» What the task requires:
Please reproduce the lines of the records below from the one holding "Sea Sponge Gold Charger" through the one holding "RYX - Circle", inclusive, skipping all pictures.

» Records to process:

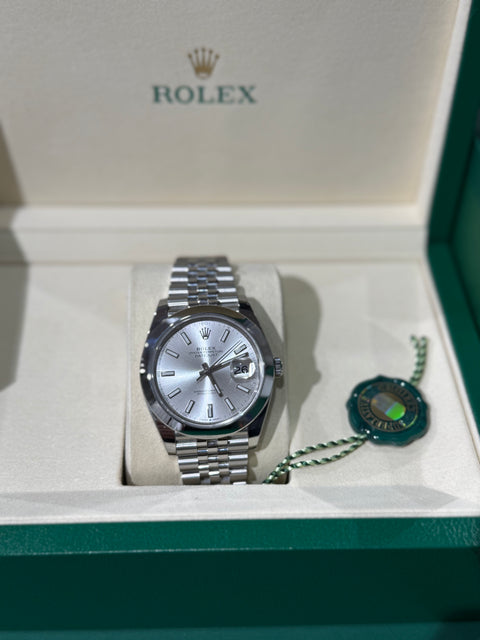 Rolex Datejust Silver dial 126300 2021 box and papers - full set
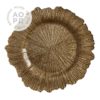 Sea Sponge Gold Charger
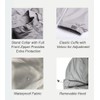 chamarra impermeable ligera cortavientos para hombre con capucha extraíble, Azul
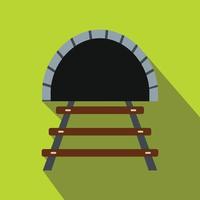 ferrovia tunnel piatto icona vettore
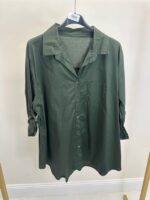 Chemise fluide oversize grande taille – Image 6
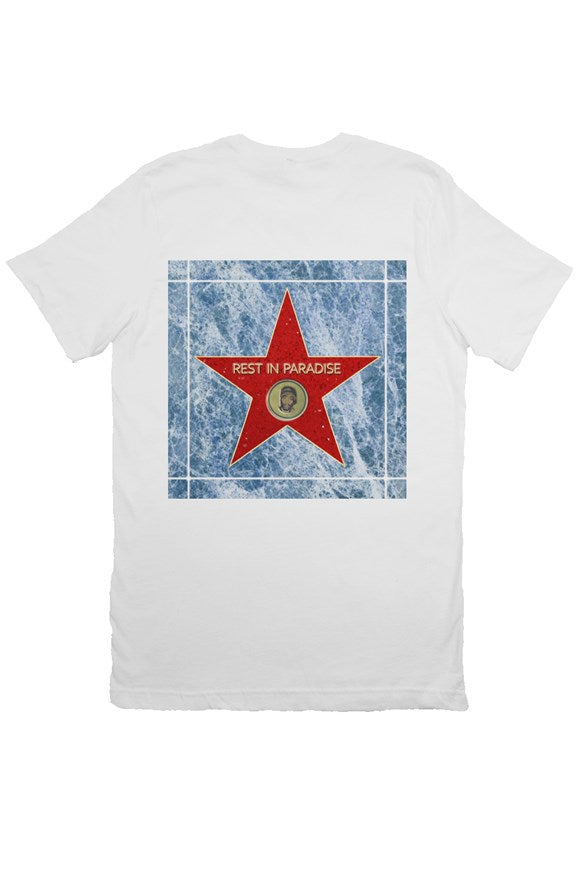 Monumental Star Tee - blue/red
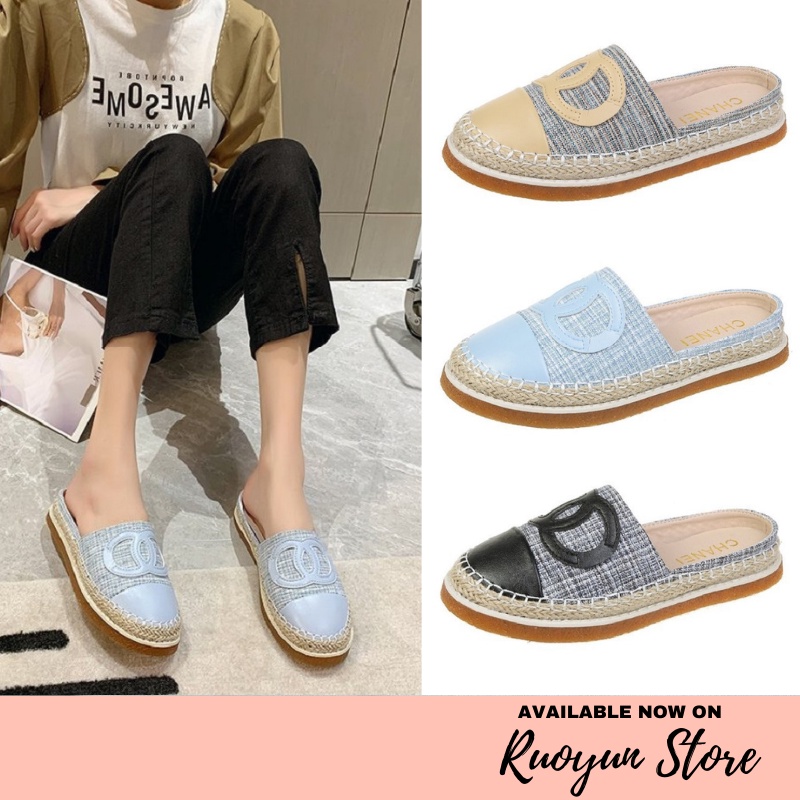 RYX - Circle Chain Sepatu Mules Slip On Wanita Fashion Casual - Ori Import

--

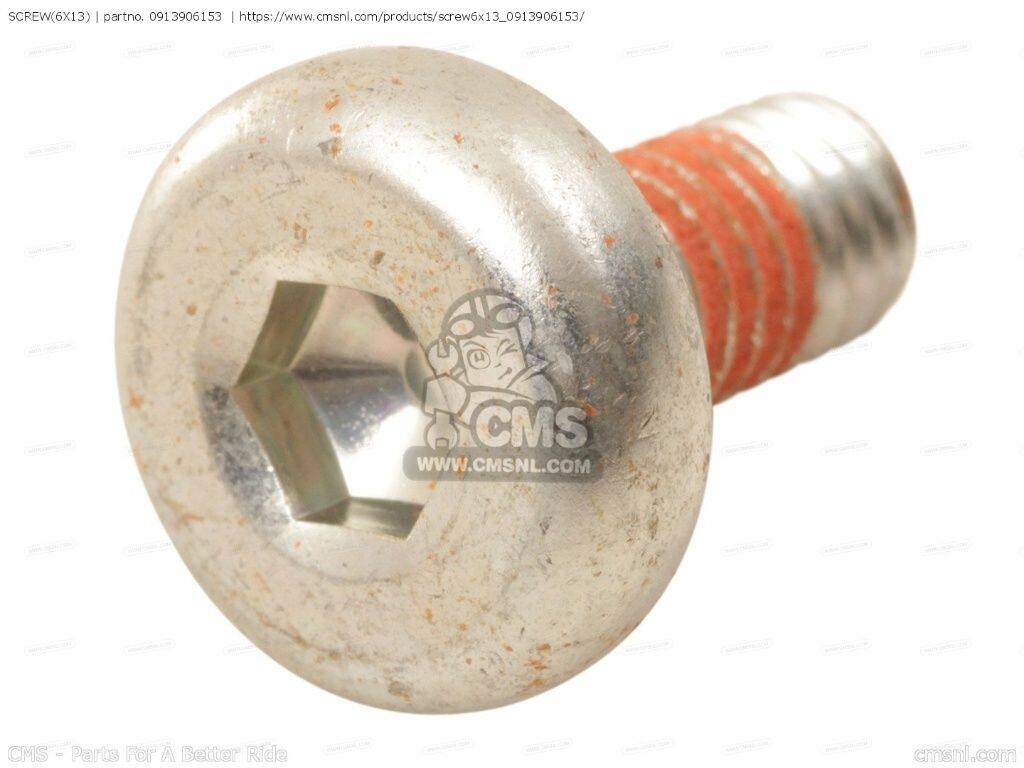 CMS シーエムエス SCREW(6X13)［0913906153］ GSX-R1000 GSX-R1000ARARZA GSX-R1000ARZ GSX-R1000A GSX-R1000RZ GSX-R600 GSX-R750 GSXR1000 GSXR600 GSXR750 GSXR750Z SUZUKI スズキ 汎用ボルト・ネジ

» Solved problem:
 Sea Sponge Gold Charger
 chamarra impermeable ligera cortavientos para hombre con capucha extraíble, Azul
 ferrovia tunnel piatto icona vettore
 Chemise fluide oversize grande taille – Image 6
 Monumental Star Tee - blue/red
 RYX - Circle Chain Sepatu Mules Slip On Wanita Fashion Casual - Ori Import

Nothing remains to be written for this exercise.